A whole gallery is dedicated to the idea that small businesses struggle in a bad economy. Hometown businesses shutting down were featured in a number of Stewart's paintings. As the son of a small business owner, I found these paintings beautiful. Here's Untitled (The Golden Rule) (c. 1930s, oil on board), my photo may not show the detail, but the business shows torn curtains and broken windows.
And here is the Green Front (1935, oil on canvas), which shows a general store in Kaysville, Utah owned by W.D. Adams and Sons. While the store survived the depression, the painting still evokes the realities of doing business in a struggling economy.
I enjoyed seeing Stewart's painting process in action. Stewart worked from real life, not from photographs. He made sketches and then painted studies before completing the final work, and many of those studies were beautiful and on display.
For example, Smith's House (1937, oil on canvas) was shown next to one sketch and two oil studies.
Then there's this photo of a brilliant painting, Approved by Postmaster General (1936, oil on canvas) shown next to a small study for the same painting.
One of my favorite paintings in the show is Private Car (1937, oil on canvas) showing unemployed men hitching a ride on a train in hopes of finding work somewhere else. By the way, what a great title for a painting exploring this subject matter.
In the study for the painting, the men are absent. While beautiful, it somehow lacks the same emotional impact.
Stewart also had a fascination with houses. Bleak, lonely houses that were struggling to survive in a time when households around the country were facing foreclosures. Here's one of my favorites featuring three homes; The Smiths', the Jones', and the Browns' (1936, oil on canvas).
My second stop was at the Church History Museum where the exhibit was titled, LeConte Stewart: The Soul of Rural Utah. Side note: What's with the carpeting? I don't think I've ever been to an art museum with carpeting. Polished concrete? Sure. Hard wood? Definitely. But carpeting? But other than the carpeting, this show was displayed beautifully; maybe even better than at UMFA. Most of the paintings were landscapes which I found less interesting than the introspective paintings at UMFA. But there were some standouts.
Here's Country Funeral (1948, oil on panel). This is a painting that forces the viewer to create stories.

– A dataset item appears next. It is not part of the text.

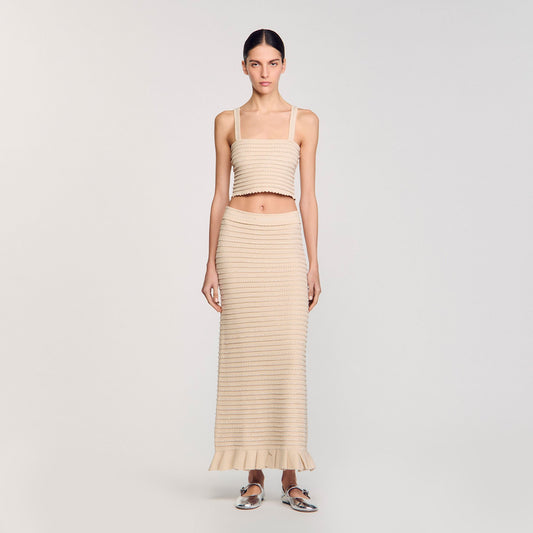 Sandro Rhinestone knit crop top Beige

Some of my favorite paintings were about religion. Stewart was a Mormon. He was commissioned by the LDS church to paint murals in several temples. For me, religions are at their best when they're commissioning artists to celebrate their beliefs. And in this show some of the best paintings are Stewart's depictions of LDS temples in which he painted murals. I like these paintings for two reasons. First, they're buildings that are architecturally interesting, built when the church was dedicated to making each temple unique, unlike now when temples seem to be little more than glorified, cookie-cutter stake centers. Second, I love the way the buildings reference temples built by the great cultures of the Americas; which seems appropriate considering the Book of Mormon's story line.
This is Hawaii Temple Construction (1918, oil on canvas).
And here is Alberta Temple, Evening (1921, oil on panel).
If you like Impressionism mixed with a good dose of the American west painted by the likes of Maynard Dixon, both of these shows are worth a visit. Or, if you just want to take a little pride in the art of Utah, both shows are worth a visit.